Listed entries:
::::::::::
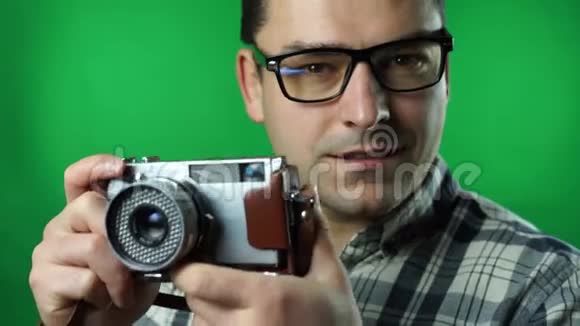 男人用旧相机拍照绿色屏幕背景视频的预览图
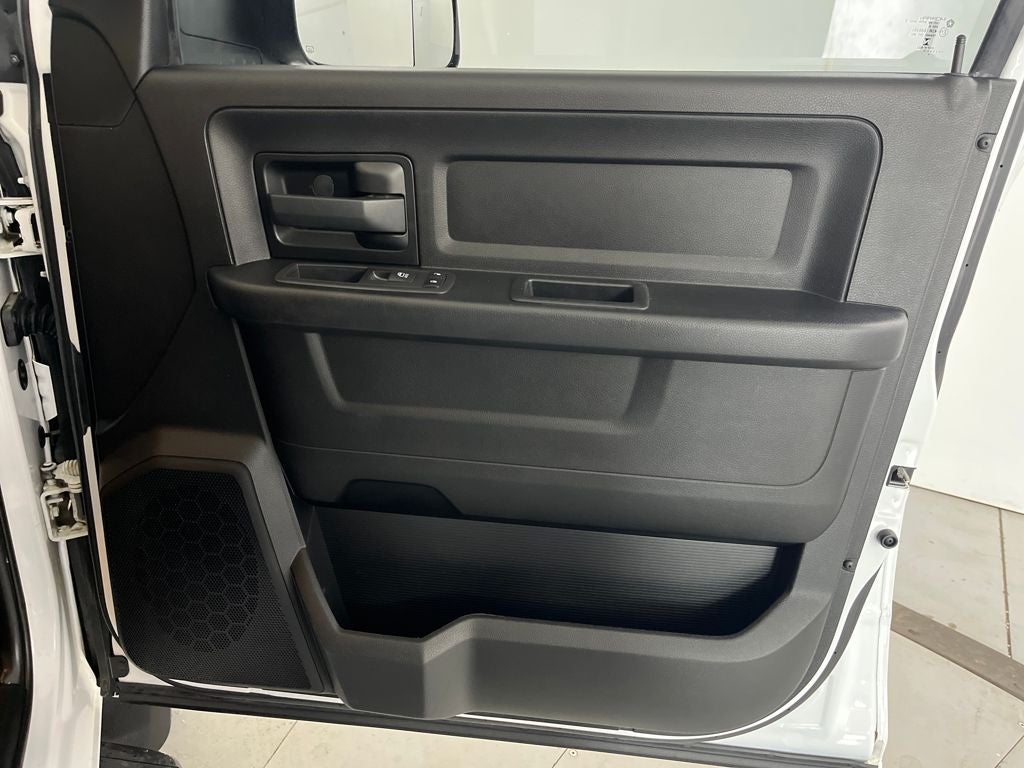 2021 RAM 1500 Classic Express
::::::::::
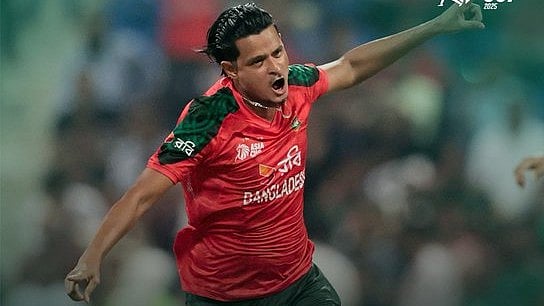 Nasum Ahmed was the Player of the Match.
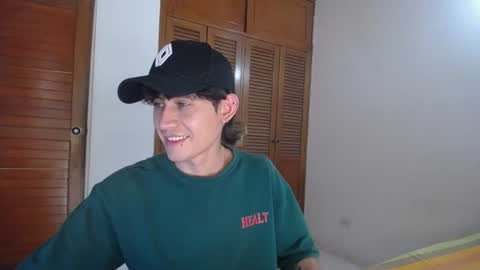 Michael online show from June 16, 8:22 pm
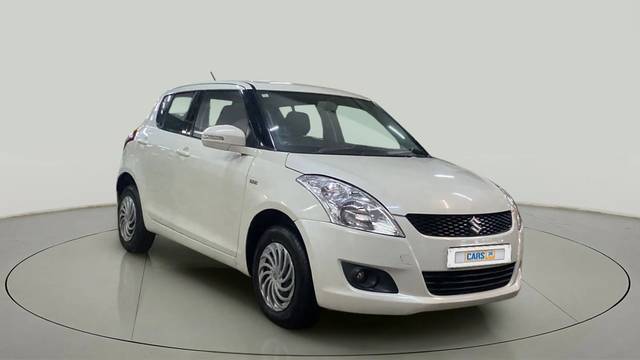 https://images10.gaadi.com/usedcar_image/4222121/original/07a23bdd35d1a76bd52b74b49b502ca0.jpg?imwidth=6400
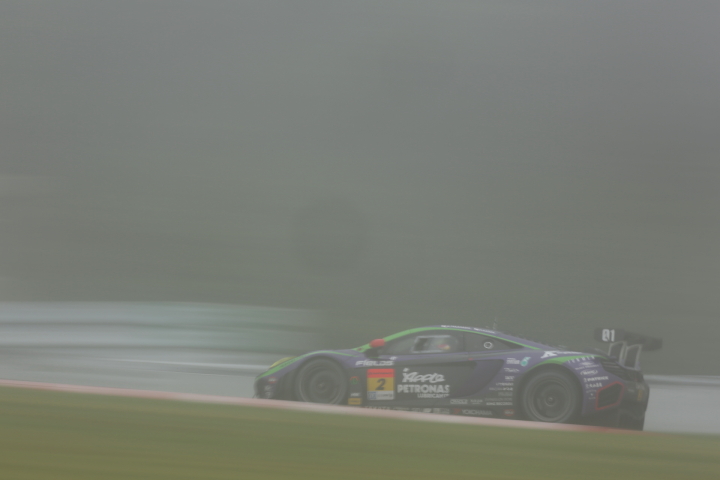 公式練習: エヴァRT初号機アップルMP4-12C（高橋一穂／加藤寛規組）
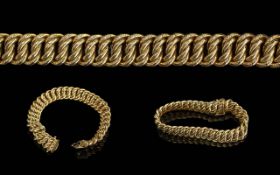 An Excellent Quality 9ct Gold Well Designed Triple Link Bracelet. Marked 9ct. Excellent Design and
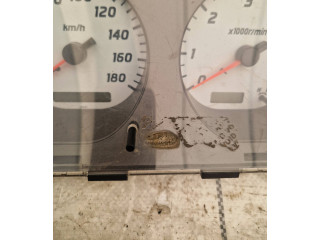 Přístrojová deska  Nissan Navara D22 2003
::::::::::
Work required: Take the material above from the line containing "Michael online show from June 16, 8:22 pm" up to and including the line containing "Navara D22 2003" and retype it exactly, without any pictures.

Exercise response:
 Michael online show from June 16, 8:22 pm
 https://images10.gaadi.com/usedcar_image/4222121/original/07a23bdd35d1a76bd52b74b49b502ca0.jpg?imwidth=6400
 公式練習: エヴァRT初号機アップルMP4-12C（高橋一穂／加藤寛規組）
 An Excellent Quality 9ct Gold Well Designed Triple Link Bracelet. Marked 9ct. Excellent Design and
 Přístrojová deska  Nissan Navara D22 2003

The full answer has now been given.